Source data:
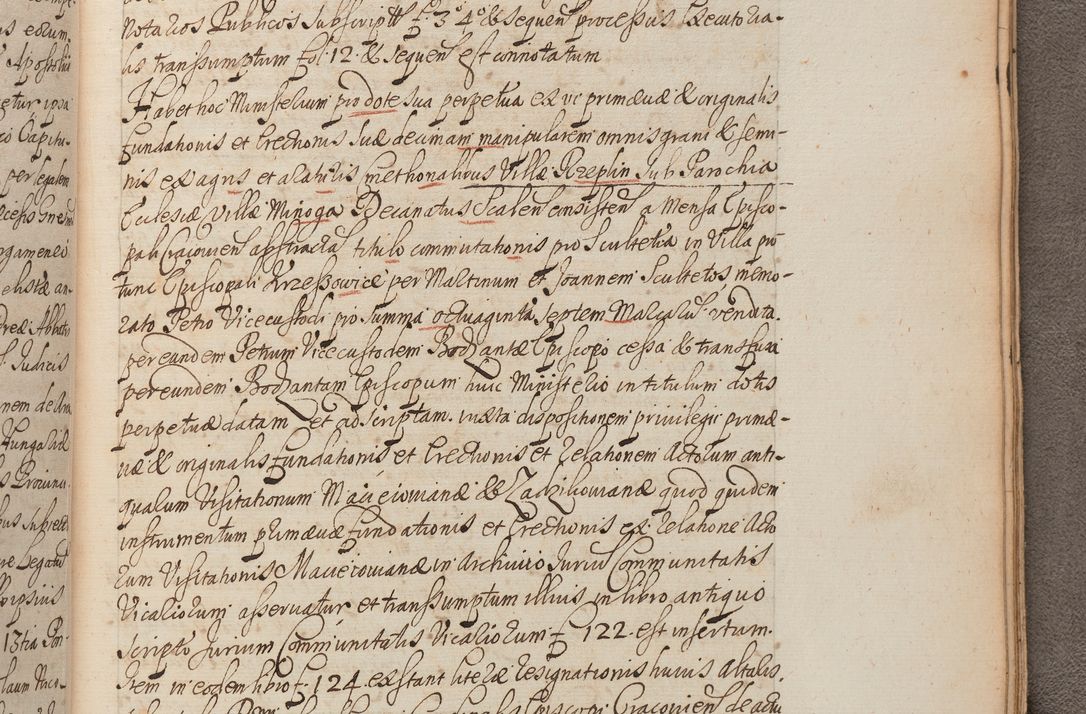 Zdjęcie nr 442 dla obiektu archiwalnego: In Nomine Domini Amen. ACTA VISITATIONIS. Externa sub Anno 1670 in Mense Julio incepta et in Augusto ac aliis Sequentibus eiusdem Anni mensibus per olim Illustrissimum ac Reverendissimum Dominum Andream Trzebicki Episcopum Cracoviensem in Cathedrali Ecclesia peractae, et successive per omnia et singula eiusdem Ecclesiae Sacella seu Capellas continuata atque ad hoc secundum volumen redacta et partim ob pestem Cracoviensem quadriennio grassantem partim ob alia legalia impedimenta quominus eadem Visitatio executa fuerit retardatae Demum morte praefati Illustrissimi et Reverendissimi Andreae Episcopi in Anno 1679 interveniente eadem Acta uti tam posthuma sub felici regimine Illustrissimi et Reverendissimi Domini Joannis Małachowski immediate in eundem Episcopatum succedentes ad effectum et finem executoris Authe. ordinaria in Anno 1682 sunt et fuerunt publicata, atque ideo illis omnibus et singulis quibus interest intimata.  VISITATIO Altarium Ecclesiae Cathedralis Cracoviensis infraspecificatorum circa translationem suorum ministeriorum et unionem Altaribus marmoreis ad quatuor columnas Ecclesiae sitis Anno Domini 1760 Die 17 Mensis Martij peracta. Perillustris Reverendissimus Dominus Hyacinthus Łopacki Canonicus Cathedralis et Archipresbyter Infulatus Cracoviensis Decanus Sandomiriensis a Celsissimo Illustrissimo Reverendissimo Domino Cajetano Ignatio Sołtyk Dei et Apostolicae Sedis Gratia Episcopo Cracoviensi Duce Severiae ad infrascripta delegatus per instrumentum tenoris sequentis ...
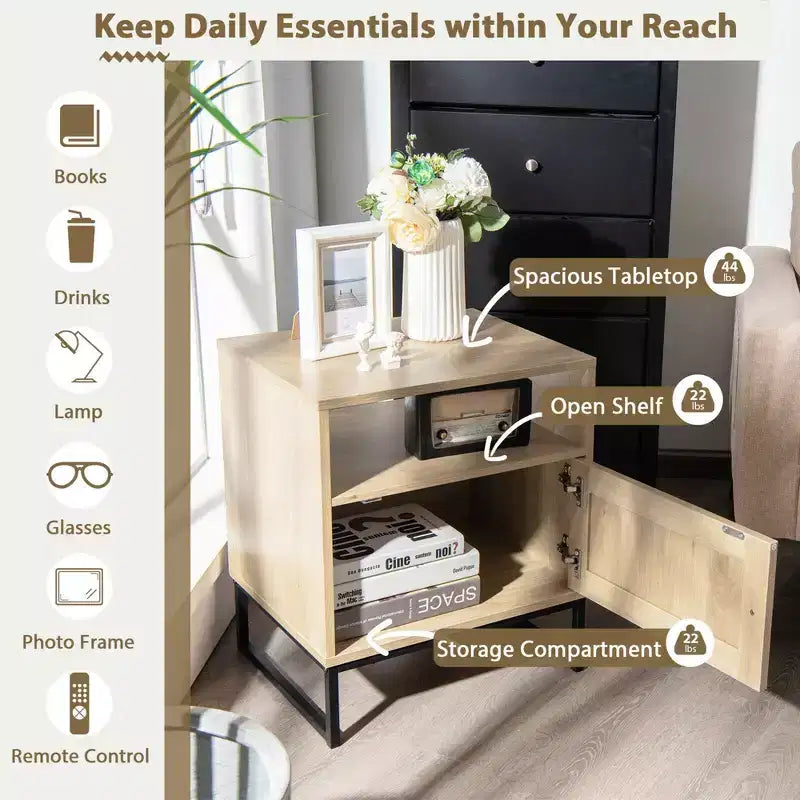 2PCS Nightstand w/ Cabinet Wooden Side End Table Rattan Decorated Door Oak
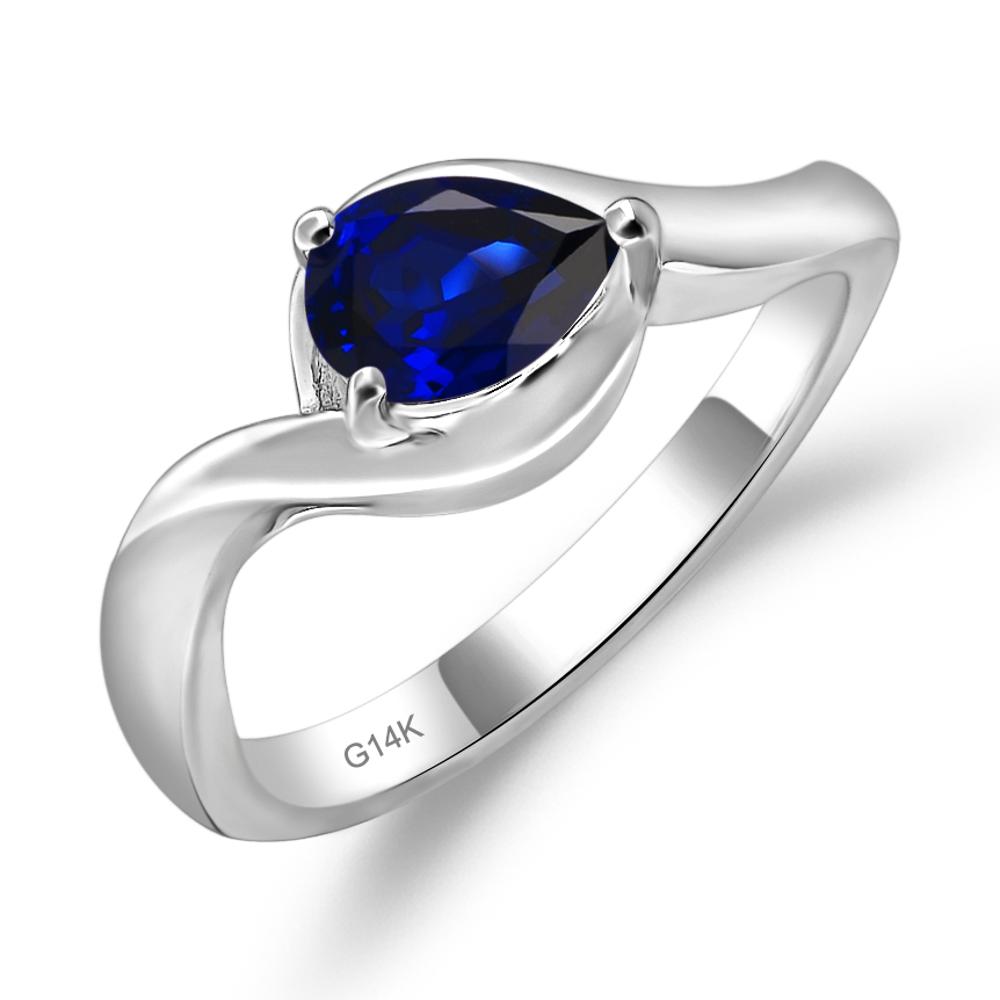 Pear Shaped Sapphire East West Solitaire Ring - LUO Jewelry #metal_14k white gold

Task statement: Starting with the line that contains "2PCS Nightstand w/", copy every line word for word through the end of the listing above, but leave out the pictures.

Response box:
 2PCS Nightstand w/ Cabinet Wooden Side End Table Rattan Decorated Door Oak
 Pear Shaped Sapphire East West Solitaire Ring - LUO Jewelry #metal_14k white gold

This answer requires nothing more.